Though we may profoundly dislike sending Uncle Sam our hard earned money and intensely believe the tax structure is unfair or even corrupt, Scripture unequivocally validates the tax system in general and commands Christians to pay the state what it is owed. Nonetheless, if the manner in which our tax dollars are spent disturbs us, this does not simply mean we have no remedy for change. In fact, the Bible compels Christians to seek justice and to take proper action in the face of abuse and evil. In a representative democracy, such as the U.S., in which representatives are chosen by the people to be the voice of the people, citizens have recourse through these elected officials to change legislation, the allocation of resources and shape taxes.
In practical terms, this means electing officials who are in alignment with biblical standards of justice and will attempt to spend tax dollars for worthy causes.
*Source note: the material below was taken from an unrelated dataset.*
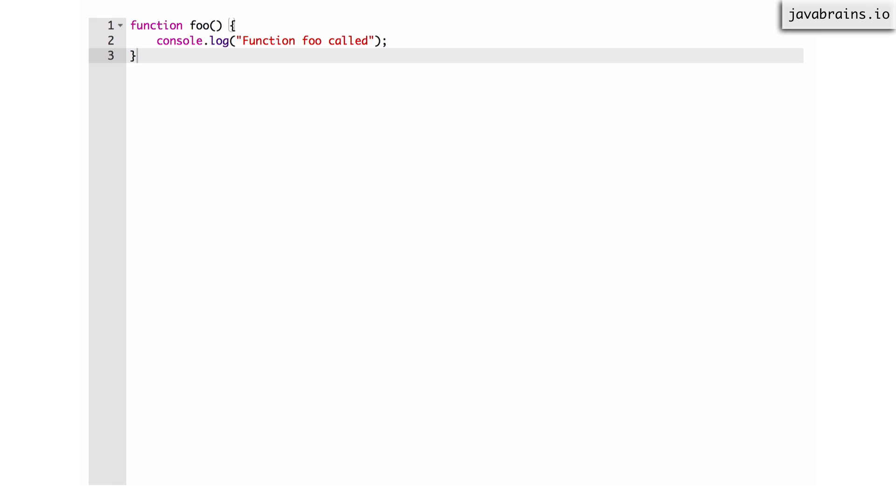And the way it works is something like this. So now I have a variable called bar and I'm assigning to bar a function. Okay, so I've created a function in line and I'm assigning that to it. And now in the function, I can again have the function body.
This may mean campaigning for candidates who are of that persuasion or contacting the local legislators in your district to try to instill change. God calls Christians to do good works in whatever circumstance they find themselves. The area of politics and trying to shape taxes through our elected officials is not excluded from this, for influencing our government for good is a significant way we can seek to love our neighbors. At a minimum, Christian citizens in a representative democracy should be well informed of the stances elected officials hold and seek to elect candidates and policies that are most consistent with biblical principles of right stewardship.
Certainly the state should repent of misappropriated taxes. Christians should not be silent when the state chooses to waste tax dollars or finance evil with taxes—when they call evil good and good evil (Isa. 5:20). Rather, followers of Christ should regularly prophesy against the state when they do evil. This may mean staging peaceful protests and surely means praying for those who govern. But it also includes seeking to influence the government for good by electing officials who will shape taxes and appropriate finances in a way that is biblically aligned. And even if such change does not occur and evil continues to be financed, our taxes should still be paid, for by rendering unto Caesar what is Caesar’s (taxes), and unto God what is God’s (obedience), we are demonstrating our trust in the sovereignty and wisdom of the one who has sought to bless creation through the institution of government.